***** DATA FOR ANALYSIS *****
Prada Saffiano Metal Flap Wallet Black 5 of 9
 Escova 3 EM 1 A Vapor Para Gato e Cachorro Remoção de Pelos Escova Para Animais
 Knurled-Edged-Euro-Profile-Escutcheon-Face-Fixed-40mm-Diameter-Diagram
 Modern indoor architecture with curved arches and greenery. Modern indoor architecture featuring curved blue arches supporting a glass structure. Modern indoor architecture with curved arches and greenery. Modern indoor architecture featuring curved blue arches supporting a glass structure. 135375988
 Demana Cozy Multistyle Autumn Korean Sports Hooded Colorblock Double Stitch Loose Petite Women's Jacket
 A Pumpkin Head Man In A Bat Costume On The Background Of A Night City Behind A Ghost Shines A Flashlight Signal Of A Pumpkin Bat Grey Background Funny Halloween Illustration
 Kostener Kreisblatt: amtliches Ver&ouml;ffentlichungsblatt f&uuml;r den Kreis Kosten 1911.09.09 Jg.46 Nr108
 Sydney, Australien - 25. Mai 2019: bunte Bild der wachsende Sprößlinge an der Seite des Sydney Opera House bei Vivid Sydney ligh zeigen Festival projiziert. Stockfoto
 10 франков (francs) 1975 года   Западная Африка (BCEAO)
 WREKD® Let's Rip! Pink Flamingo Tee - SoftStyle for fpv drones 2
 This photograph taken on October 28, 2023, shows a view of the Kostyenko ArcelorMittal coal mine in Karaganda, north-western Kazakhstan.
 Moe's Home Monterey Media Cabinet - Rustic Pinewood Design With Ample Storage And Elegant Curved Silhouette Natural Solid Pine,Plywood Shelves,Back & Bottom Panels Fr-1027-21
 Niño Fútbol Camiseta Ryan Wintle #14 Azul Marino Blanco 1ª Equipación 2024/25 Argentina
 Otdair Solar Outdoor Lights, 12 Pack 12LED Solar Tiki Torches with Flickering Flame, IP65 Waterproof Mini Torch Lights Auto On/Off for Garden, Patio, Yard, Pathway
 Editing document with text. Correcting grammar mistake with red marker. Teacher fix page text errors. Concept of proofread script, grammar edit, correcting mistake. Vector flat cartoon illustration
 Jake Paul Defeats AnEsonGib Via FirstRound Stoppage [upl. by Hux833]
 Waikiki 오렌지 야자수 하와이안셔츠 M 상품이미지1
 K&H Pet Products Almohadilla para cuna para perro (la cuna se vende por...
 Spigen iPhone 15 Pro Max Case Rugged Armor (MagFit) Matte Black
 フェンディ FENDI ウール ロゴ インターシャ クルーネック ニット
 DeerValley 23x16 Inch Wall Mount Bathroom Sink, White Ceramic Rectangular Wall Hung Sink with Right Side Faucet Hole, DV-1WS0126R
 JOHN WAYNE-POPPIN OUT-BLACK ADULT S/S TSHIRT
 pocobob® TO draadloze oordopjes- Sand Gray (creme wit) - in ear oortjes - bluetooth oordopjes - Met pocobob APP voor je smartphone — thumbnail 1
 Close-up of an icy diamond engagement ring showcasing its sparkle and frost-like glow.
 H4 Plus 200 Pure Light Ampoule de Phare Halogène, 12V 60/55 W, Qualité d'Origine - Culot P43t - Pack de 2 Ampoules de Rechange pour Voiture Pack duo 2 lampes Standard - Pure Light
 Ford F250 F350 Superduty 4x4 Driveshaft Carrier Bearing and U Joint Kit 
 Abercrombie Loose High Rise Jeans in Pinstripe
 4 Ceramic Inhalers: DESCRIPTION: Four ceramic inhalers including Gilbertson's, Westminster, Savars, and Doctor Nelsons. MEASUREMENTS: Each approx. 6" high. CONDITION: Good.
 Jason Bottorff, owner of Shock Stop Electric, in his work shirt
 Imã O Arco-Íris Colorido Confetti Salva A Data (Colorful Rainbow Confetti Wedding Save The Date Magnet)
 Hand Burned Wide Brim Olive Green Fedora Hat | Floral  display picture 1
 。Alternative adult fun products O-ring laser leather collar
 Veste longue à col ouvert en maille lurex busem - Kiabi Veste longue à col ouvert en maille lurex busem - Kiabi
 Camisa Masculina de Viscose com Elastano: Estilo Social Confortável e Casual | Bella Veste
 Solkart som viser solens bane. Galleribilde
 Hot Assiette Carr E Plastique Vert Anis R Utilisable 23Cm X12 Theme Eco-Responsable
*****
**YOUR TASK:**
The records are to be duplicated in full, with every word kept exactly.

**PROBLEM SOLUTION:**
Prada Saffiano Metal Flap Wallet Black 5 of 9
 Escova 3 EM 1 A Vapor Para Gato e Cachorro Remoção de Pelos Escova Para Animais
 Knurled-Edged-Euro-Profile-Escutcheon-Face-Fixed-40mm-Diameter-Diagram
 Modern indoor architecture with curved arches and greenery. Modern indoor architecture featuring curved blue arches supporting a glass structure. Modern indoor architecture with curved arches and greenery. Modern indoor architecture featuring curved blue arches supporting a glass structure. 135375988
 Demana Cozy Multistyle Autumn Korean Sports Hooded Colorblock Double Stitch Loose Petite Women's Jacket
 A Pumpkin Head Man In A Bat Costume On The Background Of A Night City Behind A Ghost Shines A Flashlight Signal Of A Pumpkin Bat Grey Background Funny Halloween Illustration
 Kostener Kreisblatt: amtliches Ver&ouml;ffentlichungsblatt f&uuml;r den Kreis Kosten 1911.09.09 Jg.46 Nr108
 Sydney, Australien - 25. Mai 2019: bunte Bild der wachsende Sprößlinge an der Seite des Sydney Opera House bei Vivid Sydney ligh zeigen Festival projiziert. Stockfoto
 10 франков (francs) 1975 года   Западная Африка (BCEAO)
 WREKD® Let's Rip! Pink Flamingo Tee - SoftStyle for fpv drones 2
 This photograph taken on October 28, 2023, shows a view of the Kostyenko ArcelorMittal coal mine in Karaganda, north-western Kazakhstan.
 Moe's Home Monterey Media Cabinet - Rustic Pinewood Design With Ample Storage And Elegant Curved Silhouette Natural Solid Pine,Plywood Shelves,Back & Bottom Panels Fr-1027-21
 Niño Fútbol Camiseta Ryan Wintle #14 Azul Marino Blanco 1ª Equipación 2024/25 Argentina
 Otdair Solar Outdoor Lights, 12 Pack 12LED Solar Tiki Torches with Flickering Flame, IP65 Waterproof Mini Torch Lights Auto On/Off for Garden, Patio, Yard, Pathway
 Editing document with text. Correcting grammar mistake with red marker. Teacher fix page text errors. Concept of proofread script, grammar edit, correcting mistake. Vector flat cartoon illustration
 Jake Paul Defeats AnEsonGib Via FirstRound Stoppage [upl. by Hux833]
 Waikiki 오렌지 야자수 하와이안셔츠 M 상품이미지1
 K&H Pet Products Almohadilla para cuna para perro (la cuna se vende por...
 Spigen iPhone 15 Pro Max Case Rugged Armor (MagFit) Matte Black
 フェンディ FENDI ウール ロゴ インターシャ クルーネック ニット
 DeerValley 23x16 Inch Wall Mount Bathroom Sink, White Ceramic Rectangular Wall Hung Sink with Right Side Faucet Hole, DV-1WS0126R
 JOHN WAYNE-POPPIN OUT-BLACK ADULT S/S TSHIRT
 pocobob® TO draadloze oordopjes- Sand Gray (creme wit) - in ear oortjes - bluetooth oordopjes - Met pocobob APP voor je smartphone — thumbnail 1
 Close-up of an icy diamond engagement ring showcasing its sparkle and frost-like glow.
 H4 Plus 200 Pure Light Ampoule de Phare Halogène, 12V 60/55 W, Qualité d'Origine - Culot P43t - Pack de 2 Ampoules de Rechange pour Voiture Pack duo 2 lampes Standard - Pure Light
 Ford F250 F350 Superduty 4x4 Driveshaft Carrier Bearing and U Joint Kit 
 Abercrombie Loose High Rise Jeans in Pinstripe
 4 Ceramic Inhalers: DESCRIPTION: Four ceramic inhalers including Gilbertson's, Westminster, Savars, and Doctor Nelsons. MEASUREMENTS: Each approx. 6" high. CONDITION: Good.
 Jason Bottorff, owner of Shock Stop Electric, in his work shirt
 Imã O Arco-Íris Colorido Confetti Salva A Data (Colorful Rainbow Confetti Wedding Save The Date Magnet)
 Hand Burned Wide Brim Olive Green Fedora Hat | Floral  display picture 1
 。Alternative adult fun products O-ring laser leather collar
 Veste longue à col ouvert en maille lurex busem - Kiabi Veste longue à col ouvert en maille lurex busem - Kiabi
 Camisa Masculina de Viscose com Elastano: Estilo Social Confortável e Casual | Bella Veste
 Solkart som viser solens bane. Galleribilde
 Hot Assiette Carr E Plastique Vert Anis R Utilisable 23Cm X12 Theme Eco-Responsable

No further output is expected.